しかし、現代では「抹茶のロールケーキ」や「生クリーム入りのどら焼き」など、和洋折衷の素晴らしいお菓子がたくさんありますよね。厳密な分類にとらわれる必要はありません。この記事でお伝えする集客や販促のアイデアは、「お菓子を製造・販売しているすべての事業者様」に共通して使えるノウハウです。

2)なぜ今、小規模店は「差別化」が必要なのか?
「個人経営のケーキ屋は儲からない」「和菓子屋は時代遅れになってしまうのでは」といった不安の声を聞くことがあります。その最大の理由は、コンビニエンスストアや大手チェーン店の台頭です。
皆さんもご存知の通り、近年のコンビニスイーツは本当にレベルが高く、「この値段でこの美味しさなら十分」と考えるお客様が増えました。つまり、普通のお菓子を普通に作っているだけでは、資金力も効率的なシステムも持つ大手の「価格」や「利便性」には勝てない時代になったのです。
3)小さなお店の「勝ち筋」はどこにある?
では、個人店はどう戦えばいいのでしょうか?答えはシンプルです。「大手が絶対にできないこと」を徹底的にやることです。
大手チェーンは「いつでも、どこでも、同じ味を、安く、長持ちさせて」売るのが得意です。裏を返せば、小規模店は「今だけ、ここだけ、特別な味を、適正価格で、新鮮なうちに」売れば良いのです。
大量生産の効率化を追い求めるのではなく、地域の素材を活かした独自性や、職人の手仕事が生み出す温かみこそが、お客様がわざわざあなたのお店に足を運ぶ理由(=顧客価値・存在価値)になります。
次章からは、この顧客価値(存在価値)を高めるための具体的な商品開発のポイントを、豊富な事例とともにお伝えしていきます。
第2章:大手に勝つ!洋菓子・和菓子の商品開発9つのポイント
「コンビニスイーツにはない魅力を出したい」「原価高騰で値上げせざるを得ないが、お客様離れが怖い…」
こうした悩みを解決する根本的な対策は、「価格以上の価値を感じてもらえる商品開発」に尽きます。個人経営のケーキ屋や和菓子店が、新商品のアイデアを練る際に必ず意識していただきたい9つのポイントをご紹介します。
1)このお店といえば「これ!」という看板商品を開発する
「なんでもそこそこ美味しいお店」は、大手に負けてしまいます。お客様にわざわざ足を運んでいただくには、「この季節は、あの店の〇〇が絶対に食べたい!」と思い出してもらえる強烈な看板商品(代表選手)が必要です。
・事例:秋田県にあるフルーツタルトのお店では、季節のフルーツがこぼれ落ちそうなほど大量に乗ったタルトを販売し、「苺が鮮やか!」「たっぷり乗っている!」と口コミで大人気です。

・目標:「これだけは他店に負けない!」と自信を持って言える商品を一つ作りましょう。
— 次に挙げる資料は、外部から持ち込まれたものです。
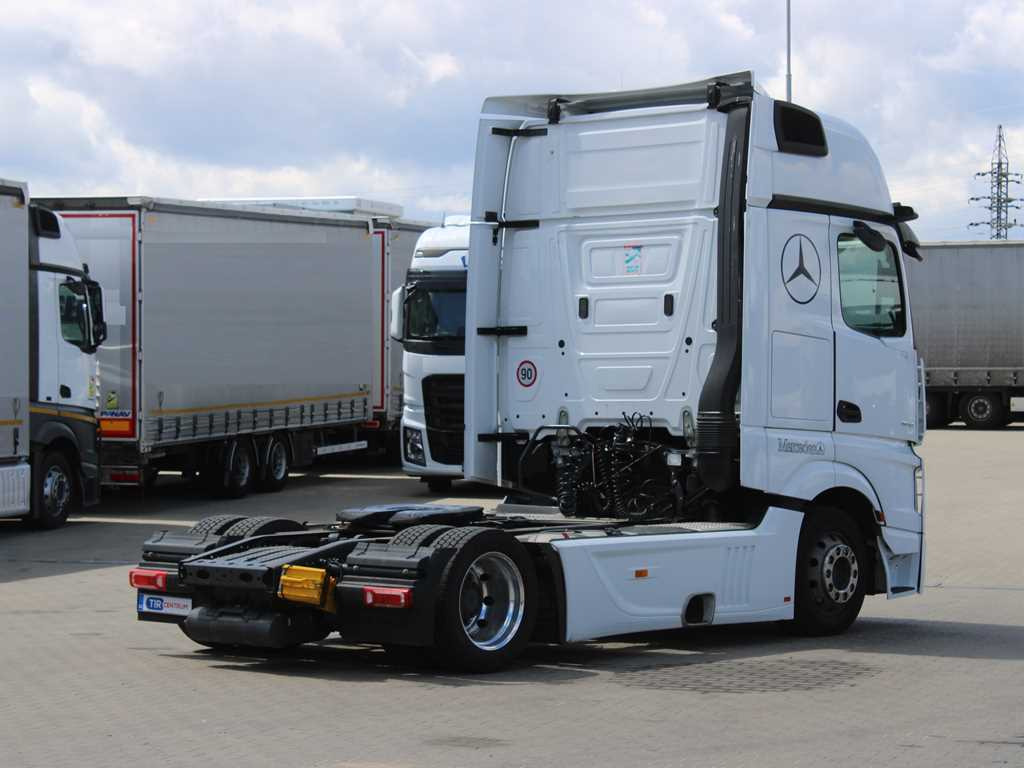 Mercedes-Benz Actros 1848, EURO 6, GIGA SPACE, NAVIGATION, LOWDECK - Cabeza tractora: foto 4 Mercedes-Benz Actros 1848, EURO 6, GIGA SPACE, NAVIGATION, LOWDECK - Cabeza tractora: foto 4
お客様の3割以上がその商品を目当てに来店する状態になれば、お店の経営はグッと安定します。
2)「健康志向」に配慮したスイーツを作る
現代のお客様は、美味しいだけでなく「身体への影響」も気にしています。大手の工場生産では日持ちやコストの観点から難しい「健康に配慮したお菓子作り」は、個人店の強力な差別化になります。
・具体的なアイデア:
砂糖の使用量を減らし、甘さを控えめにする(糖質オフ)
人工甘味料や合成着色料、食品添加物を極力使わない
野菜や果物をたっぷり使い、小麦粉の割合を減らす
3)「地域密着」で顔の見える生産者から仕入れる
大手のチェーン店は、全国の店舗に同じ材料を配るため、大量仕入れが基本です。だからこそ、小規模店は「地元のきめ細やかな仕入れ」で勝負しましょう。
・事例:単なる「苺大福」ではなく、POPに「〇〇市の田中農園さんが朝摘みした完熟苺を使っています」と書くだけで、商品の価値は跳ね上がります。
・社会貢献(コーズリレーションシップマーケティング):「米粉ロールケーキの売上1%を、地元の河川を守るNPOに寄付します」といった、地域課題の解決に繋がる仕組みを取り入れるのも、お客様から応援されるお店になる秘訣です。
4)効率化の罠に注意!「手作業」と「手間」を最大の価値にする
「機械を導入して効率よく作ろう」と考えると、大手の土俵に上がることになります。コンビニスイーツに対抗するには、あえて非効率な「手間」をかけることが大切です。
大手が手を出せない繊細なデコレーション、絶妙な焼き加減、手作業ならではの食感を追求しましょう。もし業務を効率化するなら、「より手間をかけたお菓子を作るための時間を生み出すため」に、袋詰めや裏方の作業を効率化するという考え方を持ちましょう。
5)大手の逆張り!「賞味期限」はあえて短く設定する
大手のスーパーやコンビニは「いかに賞味期限を長くするか」に全力を注ぎ、そのために添加物を使用することもあります。個人店は、その真逆をいきましょう。賞味期限が短いことは、「鮮度抜群」「無添加の証」という最強のアピールポイントになります。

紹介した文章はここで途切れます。